The difficulty of discerning the nature of ‘K’nowledge and ‘B’eing, as Socrates notes is that we fall into the middle of that which is always the same, such as the absolute or the divine, and that which is in constant motion and thus ever-changing, like the material world (181a). While another disucussant, Theodorus, might hope that everyone should be convinced to spend their leisure, even an eternity (175a), seeking to discern what is advantageous to their souls rather than focusing on their worldly success (173a), Socrates replies, “it is not possible for the evils to perish … but of necessity they haunt mortal nature”(176b). In other words, regardless of whether our souls are immortal, the necessity of our bodies dictates mortality and death. In this way, we are between the gods and the dust.

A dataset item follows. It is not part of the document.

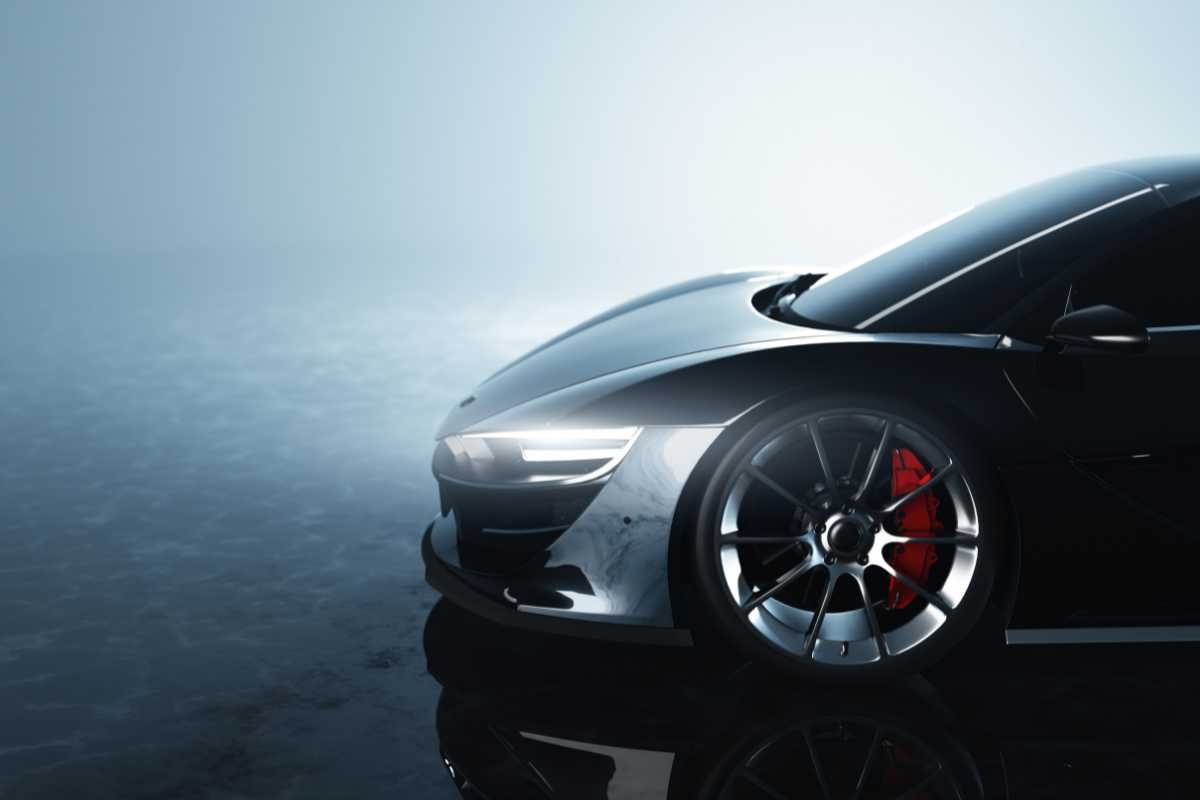 Nuova hypercar cinese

As such, if knowledge is merely that which we perceive through our bodies, the position that Theatetus initially takes,our inability to perceive anything that is unchanging or eternally true means that we can never know anything. As soon as you imagine you have grasped the truth of anything -your dog, your house, your Socrates-in that very same instance it has moved and changed, and your knowledge is as Socrates describes it: still-born. If this true, we have no reason to hope for anything beyond our deaths, for everything that we do perceive eventually dies.
The question of the dialogue then is there anything eternal to be known, and if so how do we know it. For only in this way can knowledge in and of itself be saved, and at the same time, might we be given hope that because of our capacity to know the eternal, we might participate in some small share with its existence. Only in this way, you see, is it possible for the friends who recollect Socrates after his death and tell us his stories to have any hope of seeing their Socrates again, or me of my Timmy, or you of your loved ones.
Towards the end of the dialogue, Theatetus suggests that knowledge is true opinion and that everything that comes to be from this source is beautiful and good. While Socrates quickly advances beyond this position, he takes up Theatetus’s suggestion that one should look for the source of the world that we perceive, the source of that which becomes. Exchanging Theatetus’s dream for one of his own (201e), Socrates says he once dreamt a conversation wherein someone said that there existed first principles. And from these everything else was created (201e) by means of a skilled weaver, someone who plaited together various components of being, and goodness and truth such that the world as we experience it was formed. And while we have perhaps never perceive these first principles and cannot give an account of them other than by referring to their name or synonyms of that name, we nonetheless understand them. For instance, we all know what it means “to be” but we would never be able to explain it other than to say “it is,” “I am,” “you are.”
How this is possible, Socrates does not explain, after all, he knows it as though from a dream. But that “it is” we can all attest to from our own experience. Knowledge, Socrates then suggests but then moves past, is when we compare the things that we perceive in the world with these principles that we understand and seeing how they are similar and dissimilar, we come to know their essential nature, not just as components (a dog: fur, four legs, a wet nose), but Timmy-the particular dog that I love.
And as Socrates goes to the law court to be certainly convicted, this gives both him and his friends good reason to hope. They don’t “know” perhaps that it is true, but there is sufficient evidence by means of argument and experience to suggest that one might have faith in the possibility of Socrates’s and Timmy’s eternal existence. And so a dialogue that is about knowledge or epistemology is actually a dialogue platonic piety, and that which one might have faith in and hope for.